A fantasy management simulator based on the independent game "Dwarf Fortress", "A Game Of Dwarves" is Paradox's attempt to pretty up the basic concept of running a Dwarven settlement.
The Dwarves in this game are the classic fantasy archetype - short, bearded, live underground, enjoy drinking alcohol. The player, as their leader, is tasked with digging out homes for them and securing food and valuable resources. It's a three-dimensional game due to its underground setting - dwarves will dig up and down, left and right, and forward and backward as assigned. This can be somewhat confusing to the average player, as the game's 3d graphics make it a bit awkward to tell what you're looking at.
The game's basic concept is to accumulate resources by ordering dwarves to dig, farm, harvest, and so on. These resources are used to keep your dwarves happy. Food is fairly direct, but building materials like stone and wood are used to build furniture for the dwarves. The game is mission-based, so in addition to maintaining your dwarves' happiness you must also delve into the earth, combat enemies, and obtain treasure. The game doesn't exactly handle that well, but most of the tasks in it are relatively automated, so it's not that bad.
The graphics are kind of lackluster. While it's easy to forgive games with low budgets for focusing on ideas rather than polish, the game itself isn't really that great and the visuals are bland rather than charming or quaint. While it's kind of neat to build little dwarf halls, complete with engraved walls and stone floors, it's just not solid enough from an atmospheric perspective to be enjoyable in that way.
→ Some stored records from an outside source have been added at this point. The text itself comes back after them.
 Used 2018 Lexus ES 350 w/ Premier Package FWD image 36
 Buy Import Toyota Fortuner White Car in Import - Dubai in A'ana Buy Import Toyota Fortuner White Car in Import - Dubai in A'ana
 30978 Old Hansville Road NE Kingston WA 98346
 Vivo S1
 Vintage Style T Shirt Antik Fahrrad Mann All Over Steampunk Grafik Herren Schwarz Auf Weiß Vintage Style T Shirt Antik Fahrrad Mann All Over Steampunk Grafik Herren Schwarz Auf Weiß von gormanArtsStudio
Audio-wise, there's no voices outside of cutscenes and the music is forgettable.
As a whole the game is so basic that it might be best-suited for mostly younger children to play - the graphics are cartoonish and the gameplay is relatively unthreatening, but there's not a lot of depth to it. In that regard, "A Game of Dwarves" might be worth picking up - especially for the low price of $10. However, for adult players, that same lack of complexity may prove to be a major turnoff.
We purchased this game with our own funds in order to do this review.